[HN Gopher] Postgres full-text search: A search engine in a data...
___________________________________________________________________
Postgres full-text search: A search engine in a database (2021)
Author : craigkerstiens
Score : 126 points
Date : 2022-07-11 18:07 UTC (4 hours ago)
(HTM) web link (www.crunchydata.com)
(TXT) w3m dump (www.crunchydata.com)
| itsthecourier wrote:
| we built a listings site similar to ebay in latin america after
| buying the operation from an european company,
| https://corotos.com
|
| we made use of bson in the listings table for metadata and FTS
| inside postgres. spanish dictionaries, weighting, white-listings
| of words and including metadata inside the tsvectors have been
| awesome. really quick search, you never have unsync documents in
| another part of the stack and you save a lot in storage
|
| glad to help anybody going this path, no regrets.
| cpursley wrote:
| A writeup or gist of this approach would be awesome.
| mixcocam wrote:
| I think SQLite is even more batteries included!

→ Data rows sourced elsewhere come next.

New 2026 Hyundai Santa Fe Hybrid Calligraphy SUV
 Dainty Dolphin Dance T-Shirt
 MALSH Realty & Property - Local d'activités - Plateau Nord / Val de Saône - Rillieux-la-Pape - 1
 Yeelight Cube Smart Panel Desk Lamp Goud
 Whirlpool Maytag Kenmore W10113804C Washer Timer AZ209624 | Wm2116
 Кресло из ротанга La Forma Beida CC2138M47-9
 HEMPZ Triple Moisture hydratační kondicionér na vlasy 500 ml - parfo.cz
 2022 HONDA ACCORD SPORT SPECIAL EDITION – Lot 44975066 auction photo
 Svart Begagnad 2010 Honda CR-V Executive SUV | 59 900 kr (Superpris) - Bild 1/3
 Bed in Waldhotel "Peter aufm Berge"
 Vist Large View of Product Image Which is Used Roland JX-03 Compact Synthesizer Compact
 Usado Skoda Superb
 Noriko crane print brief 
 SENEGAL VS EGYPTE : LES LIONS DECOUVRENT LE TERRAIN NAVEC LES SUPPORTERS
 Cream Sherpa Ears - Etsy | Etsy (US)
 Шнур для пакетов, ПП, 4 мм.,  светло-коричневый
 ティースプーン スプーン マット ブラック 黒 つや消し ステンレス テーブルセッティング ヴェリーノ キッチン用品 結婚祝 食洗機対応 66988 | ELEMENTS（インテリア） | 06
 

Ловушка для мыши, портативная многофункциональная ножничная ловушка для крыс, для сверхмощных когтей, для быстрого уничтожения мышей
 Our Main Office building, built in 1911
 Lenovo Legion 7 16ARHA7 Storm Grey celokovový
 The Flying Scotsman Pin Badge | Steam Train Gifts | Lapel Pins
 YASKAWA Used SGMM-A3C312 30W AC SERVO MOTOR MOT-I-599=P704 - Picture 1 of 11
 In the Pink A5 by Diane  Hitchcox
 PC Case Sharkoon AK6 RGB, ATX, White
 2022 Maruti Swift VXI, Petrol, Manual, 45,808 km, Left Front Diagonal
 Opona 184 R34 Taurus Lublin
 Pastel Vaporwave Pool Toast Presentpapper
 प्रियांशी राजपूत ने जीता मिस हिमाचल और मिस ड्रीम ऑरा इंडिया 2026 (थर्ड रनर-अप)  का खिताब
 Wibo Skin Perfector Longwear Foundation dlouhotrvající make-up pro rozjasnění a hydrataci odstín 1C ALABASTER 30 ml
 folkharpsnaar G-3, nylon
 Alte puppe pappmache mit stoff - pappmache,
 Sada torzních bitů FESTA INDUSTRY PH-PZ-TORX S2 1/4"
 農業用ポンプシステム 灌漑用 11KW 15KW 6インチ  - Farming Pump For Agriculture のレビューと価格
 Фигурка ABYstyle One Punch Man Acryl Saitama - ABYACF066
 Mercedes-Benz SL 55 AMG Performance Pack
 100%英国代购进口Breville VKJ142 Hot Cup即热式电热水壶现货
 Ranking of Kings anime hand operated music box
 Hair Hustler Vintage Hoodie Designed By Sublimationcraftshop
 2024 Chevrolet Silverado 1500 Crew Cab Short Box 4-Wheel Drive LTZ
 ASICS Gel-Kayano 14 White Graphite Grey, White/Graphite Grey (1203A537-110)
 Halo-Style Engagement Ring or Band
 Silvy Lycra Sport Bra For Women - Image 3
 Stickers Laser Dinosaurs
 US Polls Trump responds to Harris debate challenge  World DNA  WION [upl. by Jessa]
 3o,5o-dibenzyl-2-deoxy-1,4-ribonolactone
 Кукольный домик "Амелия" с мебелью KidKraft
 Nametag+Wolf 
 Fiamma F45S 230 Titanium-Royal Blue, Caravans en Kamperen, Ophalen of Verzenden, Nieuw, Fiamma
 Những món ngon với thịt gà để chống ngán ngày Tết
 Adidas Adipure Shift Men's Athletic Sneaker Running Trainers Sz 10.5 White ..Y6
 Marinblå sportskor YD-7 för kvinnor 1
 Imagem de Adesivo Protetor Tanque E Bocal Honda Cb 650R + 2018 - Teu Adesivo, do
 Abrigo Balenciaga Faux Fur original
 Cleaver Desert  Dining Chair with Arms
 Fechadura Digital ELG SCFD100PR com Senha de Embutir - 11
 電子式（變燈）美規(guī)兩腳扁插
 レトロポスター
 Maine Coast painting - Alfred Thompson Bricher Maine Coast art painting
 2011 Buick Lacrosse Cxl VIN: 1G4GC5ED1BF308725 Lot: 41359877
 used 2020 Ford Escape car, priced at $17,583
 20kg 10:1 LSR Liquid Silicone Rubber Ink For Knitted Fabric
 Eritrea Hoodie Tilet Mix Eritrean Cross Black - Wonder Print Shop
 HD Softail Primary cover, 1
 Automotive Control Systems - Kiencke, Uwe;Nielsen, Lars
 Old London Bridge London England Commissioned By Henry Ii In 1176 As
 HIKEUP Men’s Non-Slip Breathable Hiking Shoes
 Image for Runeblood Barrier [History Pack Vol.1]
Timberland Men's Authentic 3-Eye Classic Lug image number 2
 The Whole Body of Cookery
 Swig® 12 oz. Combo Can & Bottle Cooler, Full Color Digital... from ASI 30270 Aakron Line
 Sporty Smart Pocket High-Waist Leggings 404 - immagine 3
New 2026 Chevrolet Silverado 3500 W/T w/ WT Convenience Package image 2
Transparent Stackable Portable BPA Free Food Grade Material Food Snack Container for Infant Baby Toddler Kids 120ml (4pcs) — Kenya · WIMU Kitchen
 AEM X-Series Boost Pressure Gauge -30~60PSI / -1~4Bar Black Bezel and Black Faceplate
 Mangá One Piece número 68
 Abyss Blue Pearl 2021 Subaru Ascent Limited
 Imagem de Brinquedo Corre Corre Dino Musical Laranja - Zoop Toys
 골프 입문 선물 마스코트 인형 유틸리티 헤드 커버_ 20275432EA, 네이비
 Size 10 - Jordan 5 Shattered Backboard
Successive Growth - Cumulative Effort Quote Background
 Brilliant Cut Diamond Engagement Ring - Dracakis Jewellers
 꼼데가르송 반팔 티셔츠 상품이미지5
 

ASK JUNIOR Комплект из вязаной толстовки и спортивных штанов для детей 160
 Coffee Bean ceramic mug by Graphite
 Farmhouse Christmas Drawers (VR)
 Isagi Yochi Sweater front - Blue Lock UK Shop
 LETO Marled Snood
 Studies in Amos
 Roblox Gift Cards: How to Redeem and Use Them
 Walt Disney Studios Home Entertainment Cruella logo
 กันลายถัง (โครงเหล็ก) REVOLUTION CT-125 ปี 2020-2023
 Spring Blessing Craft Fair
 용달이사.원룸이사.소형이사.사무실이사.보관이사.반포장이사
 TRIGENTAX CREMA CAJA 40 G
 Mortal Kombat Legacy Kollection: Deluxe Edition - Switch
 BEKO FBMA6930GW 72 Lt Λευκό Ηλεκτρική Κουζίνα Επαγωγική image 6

| https://www.sqlite.org/fts5.html
| canadiantim wrote:
| More difficult to do facets with sqlite vs postgres though
| shakezula wrote:
| I used SQLite's built in fuzzy search and it is surprisingly
| powerful. I used it to for full text search over a magic the
| gathering card database and it was amazing.
| cduzz wrote:
| I've often wondered why someone doesn't reimplement
| elasticsearch using sqlite as the back-end datastore, instead
| of lucene.
|
| Or did I just describe foundationDB?
|
| I guess the real problem is that such a beast wouldn't have
| kibana, and people _want_ kibana and put up with
| elasticsearch to get it.
| jfbaro wrote:
| I have seen this presentation from a company that used PG Full
| Text search for a pretty complex use case. Interesting ->
| http://matheusoliveira.s3-website-us-east-1.amazonaws.com/pr...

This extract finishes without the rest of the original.